Our daughter and her team of teachers shared ideas for better ways to keep students engaged as they worked from their kitchen tables, their dining rooms or from their bedrooms.
I frequently heard her say things like: “Joey, please turn on your camera. Your friends are missing you.”
Or I heard “Judy, look at the chart on the white board. Can you see a pattern that helps you figure out what should be in the last square?”
She got very clever with ways to make sure the students were not just listening and snoozing. They were invited into games and into interactions with each other.
In a completely different mode, my husband’s office was on the second floor. He had been working with Cash Oregon to help volunteers learn how to work with low-income clients to get their taxes done properly. In 2020, he learned how to do this on Zoom, and began working with other trainers to make Zoom work better for their volunteers. That kind of retraining occurred very quickly because they were still doing taxes in March 2020 when all heck came down on us.
Many of their clients did not own computers. The Cash Oregon staff had to figure out how to make tax reporting possible for those clients. They had to help the clients trust that if they brought papers to an office those papers would be treated with great care.
And from January to April each year, volunteers like my husband also did the tax reporting for low-income clients, spending time on the phone explaining the next steps, the next piece of needed information and how to make it all work while those clients continued trying to feed their families.
After working to do the tax reporting, my husband spent time checking the accuracy of the work of other people who were doing the same work. Their effort was to help clients not leave money on the table that rightfully belonged to them. They worked hard to do honest tax reporting and give supportive advice about keeping track of income and expenses and benefits.
While the basement and the second floor were hard at work, my office became the dining table on the main floor. Some of each day, I wrote my own works – short stories mostly, but I also finished one novel during that time.
Some of each day, I copy-edited the written productions of the Interfaith Alliance on Poverty, or fixed the Interfaith Alliance website, or I reached out to other volunteers to help them with their work for the Alliance (advocacy for policy changes, collaboration with other partner organizations who were trying to solve the homeless situation, and volunteers who worked with families and children who sought stability).
And with the organization called SAGE , I began working on Zoom with middle school students who needed encouragement to improve their reading. I had students new to this country and students who had been here for some time but just needed someone to help them realize they could read more easily and read for fun.
During the first year of isolation, I had students who had a hard time finding a place to study when so many in their house were also studying or just talking, or playing games in another room – distractions were plenty in each home, even though their parents tried very hard to keep the distractions down. For these students, life was happening all day every day on the other side of the wall, or even, in some cases, on the other side of the same room.
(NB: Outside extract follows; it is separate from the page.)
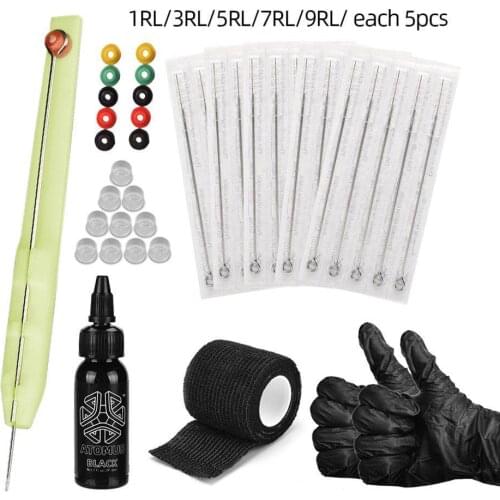 Handmade Stick And Poke Tattoo Tool Kit Secure Safe Hand Poke Tattoos DIY Tattoo Supply Ink Gloves Inkbox Tattoo Needles Set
And of course, there were the pets who wanted attention. Pets don’t get it that their people have to stop petting to read or do math or attend school on the computer. To the dog or cat or lizard, their people are just on their computer, so they should be able to pet the pet. Isn’t that what pets are for?
Some of my early Zoom students are now in high school and I think they are working hard there, but for them and for all their friends, the first year back was a doozy.
They had to relearn how to pay attention for six hours, how to navigate social situations that had not been present for a year and a half. They had to realize they had missed a huge two-year chunk of their growing up that should have been happening on the playground or in the school halls.
When you are twelve in sixth grade, and then come to high school at fourteen you have changed. Your friends have changed, and you didn’t get to change together. For our daughter’s second graders, they had been seven years old and now they were nine. Remember how much changed from your second grade to fourth grade? It is an enormous, missed opportunity.
And then, these worn out students needed to come home and not flop in front of the television because mom and dad, who, at last, were able to go back to work, needed them to help get dinner and feed the pets.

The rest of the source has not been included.